-- TASK DATA follows --

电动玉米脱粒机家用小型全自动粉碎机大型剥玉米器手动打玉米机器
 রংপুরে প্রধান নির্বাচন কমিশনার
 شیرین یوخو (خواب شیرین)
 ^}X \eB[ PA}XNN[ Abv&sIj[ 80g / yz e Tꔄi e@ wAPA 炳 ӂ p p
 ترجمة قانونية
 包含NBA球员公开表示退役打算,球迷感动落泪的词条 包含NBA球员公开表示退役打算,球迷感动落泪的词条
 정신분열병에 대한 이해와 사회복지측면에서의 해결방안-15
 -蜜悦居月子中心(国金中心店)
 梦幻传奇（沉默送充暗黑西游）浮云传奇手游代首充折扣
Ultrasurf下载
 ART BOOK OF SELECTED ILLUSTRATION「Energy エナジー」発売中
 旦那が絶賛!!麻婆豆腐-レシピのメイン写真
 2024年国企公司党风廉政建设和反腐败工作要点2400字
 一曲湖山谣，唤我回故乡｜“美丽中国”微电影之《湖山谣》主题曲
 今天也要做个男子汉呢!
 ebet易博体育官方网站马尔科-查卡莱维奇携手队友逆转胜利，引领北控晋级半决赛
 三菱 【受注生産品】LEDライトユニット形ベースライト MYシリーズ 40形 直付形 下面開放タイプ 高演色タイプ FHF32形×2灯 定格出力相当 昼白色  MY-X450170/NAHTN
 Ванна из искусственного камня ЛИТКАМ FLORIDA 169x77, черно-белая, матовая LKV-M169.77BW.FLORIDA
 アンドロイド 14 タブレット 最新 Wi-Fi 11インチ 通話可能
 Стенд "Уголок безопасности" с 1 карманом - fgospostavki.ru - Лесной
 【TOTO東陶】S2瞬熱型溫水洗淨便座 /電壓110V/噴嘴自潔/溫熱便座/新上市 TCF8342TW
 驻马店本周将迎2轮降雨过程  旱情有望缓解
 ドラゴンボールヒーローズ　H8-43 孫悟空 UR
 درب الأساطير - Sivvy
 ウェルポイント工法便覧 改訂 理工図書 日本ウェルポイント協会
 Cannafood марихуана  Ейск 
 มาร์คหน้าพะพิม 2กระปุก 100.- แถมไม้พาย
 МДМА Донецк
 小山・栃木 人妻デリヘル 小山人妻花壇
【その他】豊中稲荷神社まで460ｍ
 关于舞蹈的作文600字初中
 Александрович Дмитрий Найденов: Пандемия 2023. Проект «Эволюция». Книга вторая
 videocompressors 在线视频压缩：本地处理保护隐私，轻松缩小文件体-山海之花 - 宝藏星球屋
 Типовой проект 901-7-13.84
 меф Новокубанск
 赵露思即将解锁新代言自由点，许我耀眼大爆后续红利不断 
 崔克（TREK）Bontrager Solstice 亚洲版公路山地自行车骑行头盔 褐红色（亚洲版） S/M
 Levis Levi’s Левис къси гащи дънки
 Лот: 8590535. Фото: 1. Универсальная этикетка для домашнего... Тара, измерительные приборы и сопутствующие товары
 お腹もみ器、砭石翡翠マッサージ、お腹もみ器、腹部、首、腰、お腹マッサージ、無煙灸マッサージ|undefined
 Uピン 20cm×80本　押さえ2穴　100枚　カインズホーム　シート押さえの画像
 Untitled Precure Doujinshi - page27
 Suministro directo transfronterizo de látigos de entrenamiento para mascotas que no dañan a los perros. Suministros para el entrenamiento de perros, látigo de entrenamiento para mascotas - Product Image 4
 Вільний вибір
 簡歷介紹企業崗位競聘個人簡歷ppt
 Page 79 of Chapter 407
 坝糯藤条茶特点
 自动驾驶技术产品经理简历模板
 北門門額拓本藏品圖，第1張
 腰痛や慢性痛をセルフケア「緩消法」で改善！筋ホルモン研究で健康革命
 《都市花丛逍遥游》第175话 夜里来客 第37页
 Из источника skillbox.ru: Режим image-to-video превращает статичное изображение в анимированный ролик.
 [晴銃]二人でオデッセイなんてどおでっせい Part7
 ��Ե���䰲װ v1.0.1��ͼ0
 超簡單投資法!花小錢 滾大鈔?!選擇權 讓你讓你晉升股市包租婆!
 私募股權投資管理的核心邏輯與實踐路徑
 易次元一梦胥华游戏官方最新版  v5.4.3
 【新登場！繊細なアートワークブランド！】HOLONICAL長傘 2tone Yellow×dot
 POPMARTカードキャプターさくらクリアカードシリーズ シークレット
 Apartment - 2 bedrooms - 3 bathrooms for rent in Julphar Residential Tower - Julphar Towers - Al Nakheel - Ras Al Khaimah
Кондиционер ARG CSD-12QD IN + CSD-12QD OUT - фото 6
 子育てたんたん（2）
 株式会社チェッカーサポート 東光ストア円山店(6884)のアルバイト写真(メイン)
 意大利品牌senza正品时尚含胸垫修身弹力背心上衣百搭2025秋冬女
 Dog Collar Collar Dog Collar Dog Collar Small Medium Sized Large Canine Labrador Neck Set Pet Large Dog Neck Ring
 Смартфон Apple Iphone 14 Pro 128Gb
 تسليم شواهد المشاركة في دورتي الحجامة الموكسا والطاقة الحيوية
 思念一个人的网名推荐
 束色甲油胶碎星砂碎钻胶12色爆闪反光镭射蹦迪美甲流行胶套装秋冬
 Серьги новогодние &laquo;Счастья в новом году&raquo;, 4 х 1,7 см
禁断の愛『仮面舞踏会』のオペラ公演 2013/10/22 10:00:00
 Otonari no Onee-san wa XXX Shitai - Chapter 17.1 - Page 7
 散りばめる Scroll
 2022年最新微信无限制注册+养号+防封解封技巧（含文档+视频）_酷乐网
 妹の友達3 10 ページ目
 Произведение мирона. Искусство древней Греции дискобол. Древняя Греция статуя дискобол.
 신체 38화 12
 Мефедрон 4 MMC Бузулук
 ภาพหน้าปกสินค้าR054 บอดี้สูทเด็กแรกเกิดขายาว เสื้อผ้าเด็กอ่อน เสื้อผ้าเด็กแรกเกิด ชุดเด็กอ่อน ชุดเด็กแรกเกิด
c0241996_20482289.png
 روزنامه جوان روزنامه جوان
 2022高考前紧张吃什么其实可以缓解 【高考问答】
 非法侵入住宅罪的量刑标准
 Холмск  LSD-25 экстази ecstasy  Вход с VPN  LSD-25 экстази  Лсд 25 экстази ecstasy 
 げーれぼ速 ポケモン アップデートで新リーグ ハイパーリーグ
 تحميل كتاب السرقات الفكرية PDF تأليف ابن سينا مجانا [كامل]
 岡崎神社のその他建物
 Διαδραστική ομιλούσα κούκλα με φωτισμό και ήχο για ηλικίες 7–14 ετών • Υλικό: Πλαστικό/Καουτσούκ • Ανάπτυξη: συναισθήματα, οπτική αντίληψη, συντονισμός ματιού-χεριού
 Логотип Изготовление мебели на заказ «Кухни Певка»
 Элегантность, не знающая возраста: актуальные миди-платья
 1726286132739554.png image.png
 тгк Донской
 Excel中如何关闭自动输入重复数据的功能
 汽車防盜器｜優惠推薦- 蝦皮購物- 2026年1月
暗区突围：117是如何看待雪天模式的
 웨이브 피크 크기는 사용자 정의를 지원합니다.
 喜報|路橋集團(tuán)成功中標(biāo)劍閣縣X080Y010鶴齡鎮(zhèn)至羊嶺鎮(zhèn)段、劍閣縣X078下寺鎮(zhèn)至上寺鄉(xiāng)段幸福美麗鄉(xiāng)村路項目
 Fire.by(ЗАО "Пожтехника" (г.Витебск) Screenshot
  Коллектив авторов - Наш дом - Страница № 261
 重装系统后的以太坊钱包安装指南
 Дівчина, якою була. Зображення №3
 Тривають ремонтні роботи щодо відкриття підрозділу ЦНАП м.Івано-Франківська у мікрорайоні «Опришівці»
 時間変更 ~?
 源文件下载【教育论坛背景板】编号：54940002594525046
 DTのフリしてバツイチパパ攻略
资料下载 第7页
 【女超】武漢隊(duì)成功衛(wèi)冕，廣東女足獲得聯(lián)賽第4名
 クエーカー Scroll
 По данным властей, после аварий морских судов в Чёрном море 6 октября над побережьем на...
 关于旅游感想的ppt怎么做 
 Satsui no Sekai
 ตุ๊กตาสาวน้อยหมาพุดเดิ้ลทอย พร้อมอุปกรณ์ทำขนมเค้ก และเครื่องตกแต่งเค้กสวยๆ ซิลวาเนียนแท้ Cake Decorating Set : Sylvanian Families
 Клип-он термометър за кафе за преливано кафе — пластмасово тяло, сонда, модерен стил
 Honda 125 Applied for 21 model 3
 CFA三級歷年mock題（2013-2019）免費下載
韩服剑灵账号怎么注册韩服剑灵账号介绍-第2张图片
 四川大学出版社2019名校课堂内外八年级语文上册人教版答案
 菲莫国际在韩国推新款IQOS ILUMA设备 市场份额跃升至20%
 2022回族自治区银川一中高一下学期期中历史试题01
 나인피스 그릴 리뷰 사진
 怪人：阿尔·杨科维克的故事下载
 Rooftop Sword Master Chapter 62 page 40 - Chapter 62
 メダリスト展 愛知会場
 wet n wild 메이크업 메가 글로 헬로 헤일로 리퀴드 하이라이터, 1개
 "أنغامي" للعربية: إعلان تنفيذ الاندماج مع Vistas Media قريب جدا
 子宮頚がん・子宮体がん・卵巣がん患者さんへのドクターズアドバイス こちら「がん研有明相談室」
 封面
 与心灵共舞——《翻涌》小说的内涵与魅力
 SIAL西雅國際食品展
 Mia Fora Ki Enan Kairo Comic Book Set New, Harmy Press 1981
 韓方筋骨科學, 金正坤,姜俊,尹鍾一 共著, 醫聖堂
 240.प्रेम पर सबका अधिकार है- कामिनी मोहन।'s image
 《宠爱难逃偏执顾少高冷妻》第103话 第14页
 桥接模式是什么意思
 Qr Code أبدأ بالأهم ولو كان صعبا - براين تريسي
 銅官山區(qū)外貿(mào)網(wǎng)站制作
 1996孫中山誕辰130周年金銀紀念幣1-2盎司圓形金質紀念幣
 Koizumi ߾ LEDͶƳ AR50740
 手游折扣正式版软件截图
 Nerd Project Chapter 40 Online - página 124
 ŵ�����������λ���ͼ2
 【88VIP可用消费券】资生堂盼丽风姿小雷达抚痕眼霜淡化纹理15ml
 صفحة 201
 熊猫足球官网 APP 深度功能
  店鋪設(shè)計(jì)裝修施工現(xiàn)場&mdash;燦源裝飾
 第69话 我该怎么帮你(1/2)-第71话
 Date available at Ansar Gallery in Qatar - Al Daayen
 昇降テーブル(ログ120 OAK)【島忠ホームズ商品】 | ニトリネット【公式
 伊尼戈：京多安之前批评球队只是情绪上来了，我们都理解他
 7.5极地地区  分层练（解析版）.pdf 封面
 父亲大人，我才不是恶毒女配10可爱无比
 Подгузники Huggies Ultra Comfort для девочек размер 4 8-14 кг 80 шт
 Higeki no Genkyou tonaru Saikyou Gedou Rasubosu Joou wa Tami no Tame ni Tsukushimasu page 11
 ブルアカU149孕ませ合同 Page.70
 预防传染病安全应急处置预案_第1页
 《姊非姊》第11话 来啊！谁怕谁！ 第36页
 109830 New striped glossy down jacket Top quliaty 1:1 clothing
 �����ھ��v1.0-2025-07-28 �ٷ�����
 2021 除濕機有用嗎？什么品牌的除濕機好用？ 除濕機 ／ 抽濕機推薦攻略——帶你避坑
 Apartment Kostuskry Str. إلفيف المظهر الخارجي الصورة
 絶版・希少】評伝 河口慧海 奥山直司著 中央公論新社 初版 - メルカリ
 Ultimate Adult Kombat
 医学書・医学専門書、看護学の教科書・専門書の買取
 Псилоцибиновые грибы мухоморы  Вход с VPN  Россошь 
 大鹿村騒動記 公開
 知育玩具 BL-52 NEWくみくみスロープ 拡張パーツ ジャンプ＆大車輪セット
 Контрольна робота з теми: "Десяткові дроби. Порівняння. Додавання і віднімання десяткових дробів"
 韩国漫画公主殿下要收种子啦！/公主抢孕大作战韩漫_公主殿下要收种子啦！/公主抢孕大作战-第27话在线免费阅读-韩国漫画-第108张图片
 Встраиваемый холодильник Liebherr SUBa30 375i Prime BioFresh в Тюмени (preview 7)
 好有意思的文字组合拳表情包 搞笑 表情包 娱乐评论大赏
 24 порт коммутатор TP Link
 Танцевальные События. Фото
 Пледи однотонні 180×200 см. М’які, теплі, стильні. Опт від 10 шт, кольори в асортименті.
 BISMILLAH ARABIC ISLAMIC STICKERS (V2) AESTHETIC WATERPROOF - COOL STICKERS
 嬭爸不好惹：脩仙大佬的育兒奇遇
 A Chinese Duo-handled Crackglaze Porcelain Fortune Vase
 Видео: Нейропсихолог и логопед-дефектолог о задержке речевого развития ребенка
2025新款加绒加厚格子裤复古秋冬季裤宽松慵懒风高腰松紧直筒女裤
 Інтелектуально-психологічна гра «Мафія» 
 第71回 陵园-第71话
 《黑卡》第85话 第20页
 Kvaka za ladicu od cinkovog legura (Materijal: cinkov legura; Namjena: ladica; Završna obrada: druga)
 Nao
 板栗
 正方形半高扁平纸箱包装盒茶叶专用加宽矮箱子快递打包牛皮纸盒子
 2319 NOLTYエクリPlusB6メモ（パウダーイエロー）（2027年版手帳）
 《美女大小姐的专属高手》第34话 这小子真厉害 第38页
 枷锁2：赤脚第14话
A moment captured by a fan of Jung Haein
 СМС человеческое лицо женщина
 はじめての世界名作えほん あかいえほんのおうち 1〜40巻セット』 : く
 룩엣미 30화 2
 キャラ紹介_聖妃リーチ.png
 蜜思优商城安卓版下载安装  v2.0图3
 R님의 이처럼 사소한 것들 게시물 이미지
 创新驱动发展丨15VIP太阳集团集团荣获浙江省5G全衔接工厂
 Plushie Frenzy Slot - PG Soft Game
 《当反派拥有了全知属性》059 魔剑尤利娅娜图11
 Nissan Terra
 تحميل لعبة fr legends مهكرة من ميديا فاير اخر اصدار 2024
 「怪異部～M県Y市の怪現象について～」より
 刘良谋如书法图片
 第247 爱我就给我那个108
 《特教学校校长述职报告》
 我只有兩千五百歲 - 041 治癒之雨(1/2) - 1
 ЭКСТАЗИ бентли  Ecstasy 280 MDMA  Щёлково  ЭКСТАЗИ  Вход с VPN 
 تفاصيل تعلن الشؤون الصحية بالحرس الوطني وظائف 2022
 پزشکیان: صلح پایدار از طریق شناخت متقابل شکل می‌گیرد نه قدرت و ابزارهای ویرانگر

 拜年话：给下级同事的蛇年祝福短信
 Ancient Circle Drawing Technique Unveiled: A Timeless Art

-- TASK DATA concluded --

• PROBLEM: The response should be the lines from the one containing "A Chinese Duo-handled" through the last line of the data, set down exactly and with no other line.

• TASK RESULT:
 A Chinese Duo-handled Crackglaze Porcelain Fortune Vase
 Видео: Нейропсихолог и логопед-дефектолог о задержке речевого развития ребенка
2025新款加绒加厚格子裤复古秋冬季裤宽松慵懒风高腰松紧直筒女裤
 Інтелектуально-психологічна гра «Мафія» 
 第71回 陵园-第71话
 《黑卡》第85话 第20页
 Kvaka za ladicu od cinkovog legura (Materijal: cinkov legura; Namjena: ladica; Završna obrada: druga)
 Nao
 板栗
 正方形半高扁平纸箱包装盒茶叶专用加宽矮箱子快递打包牛皮纸盒子
 2319 NOLTYエクリPlusB6メモ（パウダーイエロー）（2027年版手帳）
 《美女大小姐的专属高手》第34话 这小子真厉害 第38页
 枷锁2：赤脚第14话
A moment captured by a fan of Jung Haein
 СМС человеческое лицо женщина
 はじめての世界名作えほん あかいえほんのおうち 1〜40巻セット』 : く
 룩엣미 30화 2
 キャラ紹介_聖妃リーチ.png
 蜜思优商城安卓版下载安装  v2.0图3
 R님의 이처럼 사소한 것들 게시물 이미지
 创新驱动发展丨15VIP太阳集团集团荣获浙江省5G全衔接工厂
 Plushie Frenzy Slot - PG Soft Game
 《当反派拥有了全知属性》059 魔剑尤利娅娜图11
 Nissan Terra
 تحميل لعبة fr legends مهكرة من ميديا فاير اخر اصدار 2024
 「怪異部～M県Y市の怪現象について～」より
 刘良谋如书法图片
 第247 爱我就给我那个108
 《特教学校校长述职报告》
 我只有兩千五百歲 - 041 治癒之雨(1/2) - 1
 ЭКСТАЗИ бентли  Ecstasy 280 MDMA  Щёлково  ЭКСТАЗИ  Вход с VPN 
 تفاصيل تعلن الشؤون الصحية بالحرس الوطني وظائف 2022
 پزشکیان: صلح پایدار از طریق شناخت متقابل شکل می‌گیرد نه قدرت و ابزارهای ویرانگر

 拜年话：给下级同事的蛇年祝福短信
 Ancient Circle Drawing Technique Unveiled: A Timeless Art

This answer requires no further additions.